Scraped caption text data

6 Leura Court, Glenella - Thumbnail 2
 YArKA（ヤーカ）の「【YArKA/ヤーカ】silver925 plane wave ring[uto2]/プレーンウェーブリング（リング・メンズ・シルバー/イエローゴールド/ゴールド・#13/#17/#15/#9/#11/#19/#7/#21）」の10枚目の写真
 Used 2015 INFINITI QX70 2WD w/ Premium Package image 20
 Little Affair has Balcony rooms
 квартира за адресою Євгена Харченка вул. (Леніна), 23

▶ _Problem_:
Beginning at the top of the records above, transcribe each line exactly up to and including the line that holds "Little Affair has Balcony rooms".

▶ _Response to the task_:
6 Leura Court, Glenella - Thumbnail 2
 YArKA（ヤーカ）の「【YArKA/ヤーカ】silver925 plane wave ring[uto2]/プレーンウェーブリング（リング・メンズ・シルバー/イエローゴールド/ゴールド・#13/#17/#15/#9/#11/#19/#7/#21）」の10枚目の写真
 Used 2015 INFINITI QX70 2WD w/ Premium Package image 20
 Little Affair has Balcony rooms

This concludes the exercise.